Famous investment banks, such as Morgan Stanley and Goldman Sachs, also take wholesale deposits and lend, but the bulk of their operations is securities related.
Since the2007/8 global financial crisis, the number of stand-alone investment banks has plummeted. Most have become parts of large commercial banks, while some such as Lehman Brothers have gone bust.
Commercial banks are generally more risk-averse than investment banks.
The Federal Reserve Bank of San Francisco says the following about commercial banks:
“Commercial banks play an important role in the financial system and the economy. As a key component of the financial system, banks allocate funds from savers to borrowers in an efficient manner. They provide specialized financial services, which reduce the cost of obtaining information about both savings and borrowing opportunities. These financial services help to make the overall economy more efficient.”
Banks today offer many services to both individuals and companies.
Banks’ activities have broadened considerably over the past few hundred years. Today they include:
– commodity trading
– consumer finance
– corporate banking
– foreign exchange trading
– futures and options trading
– investment banking
– personal banking
– private banking
– trading in equities
Banks are closely regulated
Banks have a huge impact on a country’s financial system and overall economy, hence they are highly regulated by most nations’ governments or central banks.
Regulations are designed to limit banks’ exposures to liquidity risks, overall solvency risk, and the dangers of the credit market.

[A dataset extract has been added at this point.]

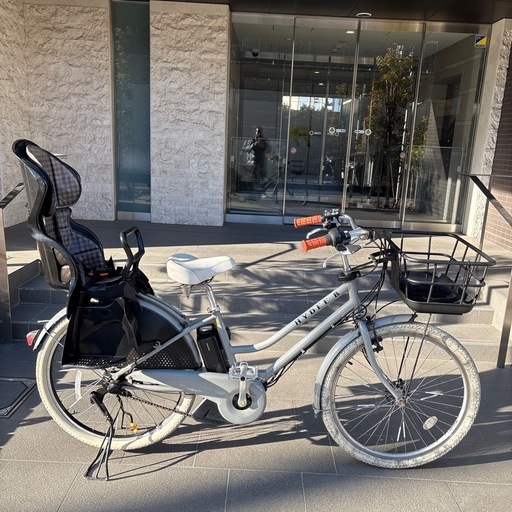 電動アシスト自転車(BRIDGESTONE HYDEE :B) 12.8AH です。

Since the global financial crisis, banks in most countries are required to hold more and higher-quality equity.
Giant multinational banks are today required to hold even more capital, because of their potential impact on the world’s financial system economy if they fail.
Banks have been around for a very long time
Modern-type banks started emerging in 14th century Europe, specifically in the wealthy cities of Renaissance Italy. In many ways they were a continuation of the concepts and ideas of lending and credit that had their roots in the ancient world.
The world’s oldest operating retail bank is Italy’s Monte dei Paschi di Siena, which was founded in 1472 by the magistrate of the city state of Siena.
Hamburg-based Berenberg Bank, which was founded by the Belgian-origined Berenberg family in 1590, is the oldest existing merchant bank.
The oldest bank in the US was the Bank of New York, which was founded in 1784 by Alexander Hamilton, a founding father of the United States. It opened for business at Walton House, Lower Manhattan, just a few months after British troops had departed from American soil. In 2007, it merged with Mellon Financial Corporation, and continues today under the name of The Bank of New York Mellon (BNY Mellon).
The oldest bank in the United Kingdom that still exists today is C. Hoare & Co. – it currently stands as the world’s fourth oldest bank. It was founded by Sir Richard Hoare in 1672. The bank remains family owned and is today managed by the 11th generation of Sir Richard’s direct descendants.
Canada’s oldest bank is the Bank of Montreal (French: Banque de Montréal), commonly known as BMO. It was founded by John Richardson and eight merchants in 1817, and is today the fourth-largest bank in the country by market capitalization (among the top 10 in North America).
Westpac Banking corporation is Australia’s first and oldest bank. It was established in 1817 as the Bank of New South Wales, with Edward Smith Hall as its first cashier and secretary. After acquiring the Commercial Bank of Australia in 1982, it changed its name to Westpac Banking Corporation. Today, it is one of Australia’s ‘Big Four’ banks.
According to Jeanne Gobat, a Senior Economist in the IMF’s Monetary and Capital Markets Department, banks are:
“Institutions that match up savers and borrowers help ensure that economies function smoothly.”
In the United States, a bankers’ bank is an institution that provides banking services to community banks. It belongs to a group of community banks and aims to level the competitive field, i.e. help community banks compete against the large banks.